Ana Sayfa Arama Video Yazarlar
Üyelik
Üye Girişi
Yayın/Gazete
Yayınlar
Kategoriler
Servisler
Nöbetçi Eczaneler Sayfası Nöbetçi Eczaneler Hava Durumu Puan Durumu
WhatsApp
Sosyal Medya
Uygulamamızı İndir
Mehmet Karasu

“Ben, iyimserim dostlar, akarsu gibi…” Nâzım Hikmet

      Geçtiğimiz Perşembe günü (19 Ocak), Agos Gazetesi Genel Yayın Yönetmeni Hrant Dink katledilişinin 16’ncı yılında karanfillerle anıldı.

      Bu yılki anma konuşmasını Kurak Günler adlı filmin yönetmeni Emin Alper yaptı.

      Eski gazete binası olan Pangaltı Sebat Apartmanı önündeki anma törenine  ailesi, arkadaşları, dostları, meslektaşları ve yüzlerce insan katıldı.

      Emin Alper, konuşmasında şu ifadeleri kullandı:

      “Bugün tam 16 sene oldu. Yine içimiz buruk, yine adaletin tam manasıyla tecelli etmediğine inanarak, o katilleri yaratan karanlığın hiç dağılmadığını, belki de daha da koyulaştığını bilerek yine burada onun gövdesinin ebedi olarak sessizce uzanıp kaldığı kaldırıma toplandık. Hrant Dink’in katledilişinin üzerinden tam 16 yıl geçti. Osmanbey kaldırımlarında yatan dostumuzun yarasından hâlâ kan sızıyor. İçe doğru birbirine dönmüş iki ayağının arasından incecik akan kan kendisine bir yol arıyor. Gündelik telaşları içinde koşturan bir insan kalabalığının arasından, ardından ağlayan öfkeli dostlarının yanından, adalet arayışına duvar olmuş mahkeme kapılarının altından, nefret ve hınç dolu kışkırtıcıların akşamları huzur içinde döndükleri evlerinin önünden, Kamp Armen’in yıkıntıları arasından doğduğu Malatya’ya, Anadolu topraklarında kendine bir yol arıyor.  Bu incecik sızıntı kendi yolunu bulacak ama önce Hrant’ın kanı, Mustafa Suphi ve arkadaşlarının bindirildikleri takadan, Sabahattin Ali’nin kırık gözlük camından, Musa Anter’in ak saçlarından, 1915’te Anadolu’nun her karış toprağından, 38’de Dersim dağlarından, 55’te İstanbul’un kırık vitrin camlarından, Maraş’tan ve Sivas’tan sızan kanla buluşacak.

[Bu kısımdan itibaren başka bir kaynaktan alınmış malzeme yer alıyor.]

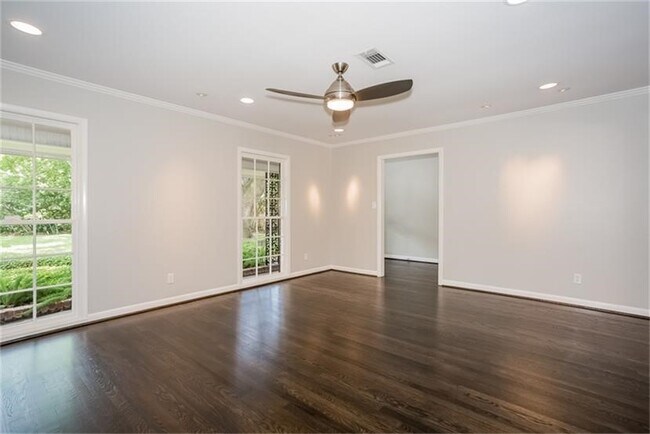 Foto del edificio - 4503 Bryn Mawr Ln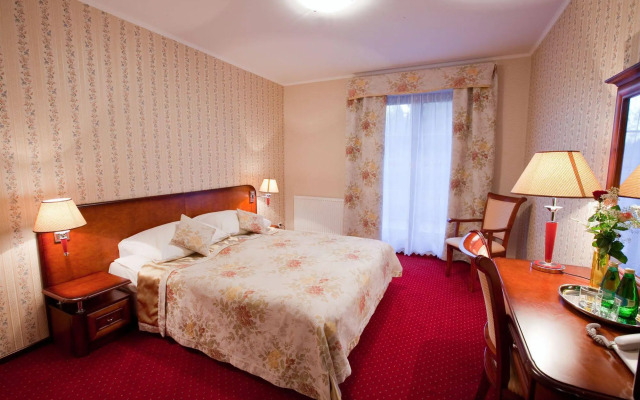 Hotel Dworek Tryumf Dąbrowscy Spółka Jawna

      Sayın Celal İnal Antakya’da bir etkinlikte Hrant Dink’in şu sözlerini nakletmişti:

      “Türkiyeliyim, Ermeni’yim, iliklerime kadar Anadoluluyum. Bir gün dahi ülkemi terk edip, geleceğimi Batı denilen o hazır özgürlükler cehenneminde kurmayı, başkalarının bedeller ödeyerek yarattıkları demokrasilere sülük misali yamanmayı düşünmedim. Ülkem ağlarken ağladım, ülkem gülerken güldüm. Kendi kaderimi ülkemin özgürlüğünü yaratma sürecine bağladım… Tabii ki atalarımın başına gelenleri biliyorum. Buna kimimiz “katliam”, kimimiz “soykırım” kimimiz “tehcir”, kimimiz de “trajedi” dediniz. Atalarım Anadolu diliyle “kıyım” derdi. Ben ise “yıkım” diyorum ve biliyorum ki bu yıkımlar olmasaydı bugün benim ülkem çok daha yaşanır, çok daha imrenilir olurdu. Yıkıma sebep olanlara veda, maşa olanlara da lanetim bundandır… Bu soruna Avrupalılar ve Amerikalılar hakemlik yapamaz. Onlar geçmiş çağlarda arenalarda köle gladyatörleri birbirine vuruşturan, onların vuruşmasını büyük bir iştahla seyreden, sonunda da kazanana yaralının işini bitirmesi için başparmaklarıyla işaret veren diktatörlerin ta kendileridir. O hakemler kışkırttıkları Ermeniler sezmesin diye atlarının nallarına keçe bağlayarak gece yarısı usulca Adana’dan, işgal ettikleri ülkemizden sıvışanlardır…”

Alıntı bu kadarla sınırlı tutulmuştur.